=== WORK INSTRUCTIONS ===
The lines to copy run from the one containing "50cm Height Human" to the end of the listing. Please write them out exactly, minus the pictures.

=== MATERIAL FOR THIS TASK ===
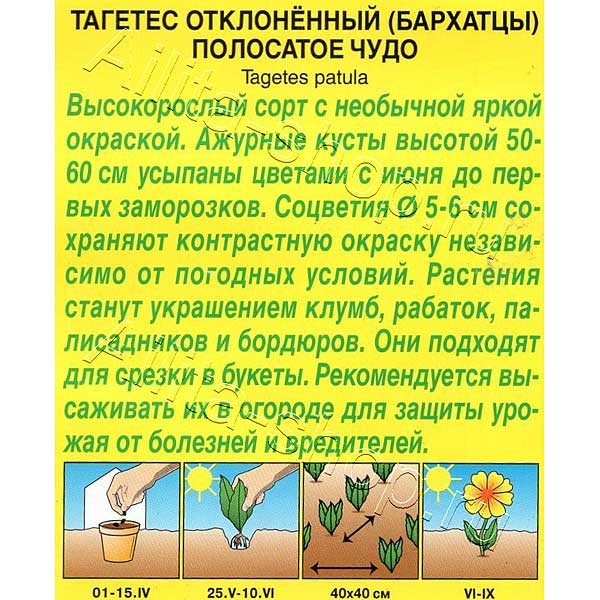 Бархатцы Полосатое чудо Аэлита Ц 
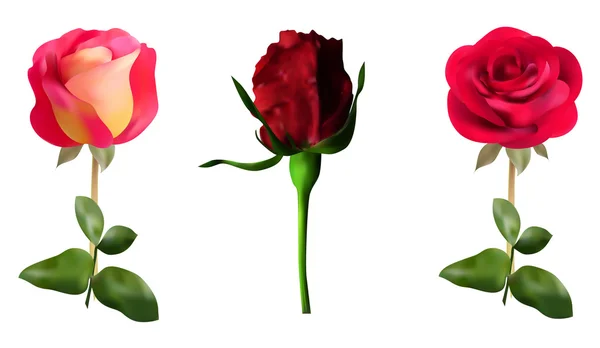 Rosas rojas — Vector de stock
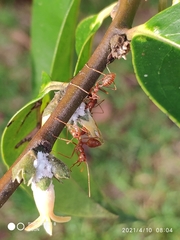 Diospyros lancifolia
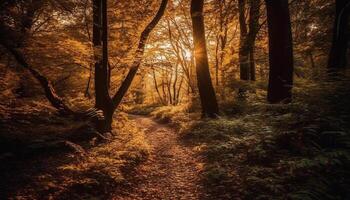 ein beschwingt Herbst Wald, ein still Wandern Abenteuer wartet generiert durch ai foto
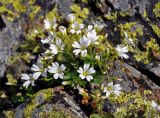 Cerastium polymorphum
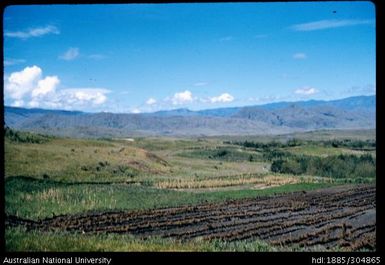 Peanut garden, Korofeigu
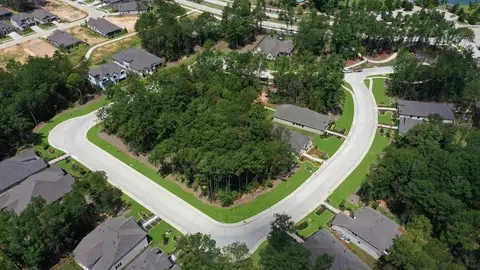 View/Area - 15320 Le Reve Ln, Conroe, TX 77302 photo 9 of 9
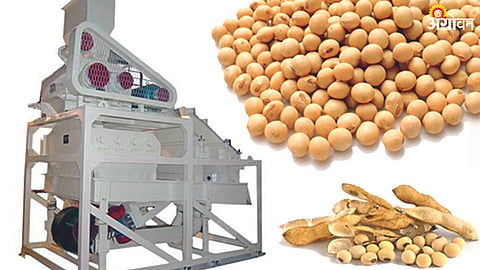 Food Processing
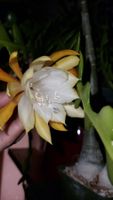 Epiphyllum anguliger / Fishbone Kaktus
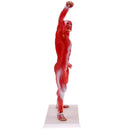 50cm Height Human Muscle Superficial Muscle Torso Skeleton Model with Base Lab Demonstration Display Science Toy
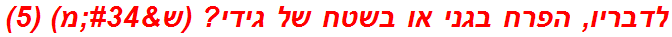 לדבריו, הפרח בגני או בשטח של גידי? (ש"מ) (5)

=== RESULT FOR THIS EXERCISE ===
 50cm Height Human Muscle Superficial Muscle Torso Skeleton Model with Base Lab Demonstration Display Science Toy
 לדבריו, הפרח בגני או בשטח של גידי? (ש"מ) (5)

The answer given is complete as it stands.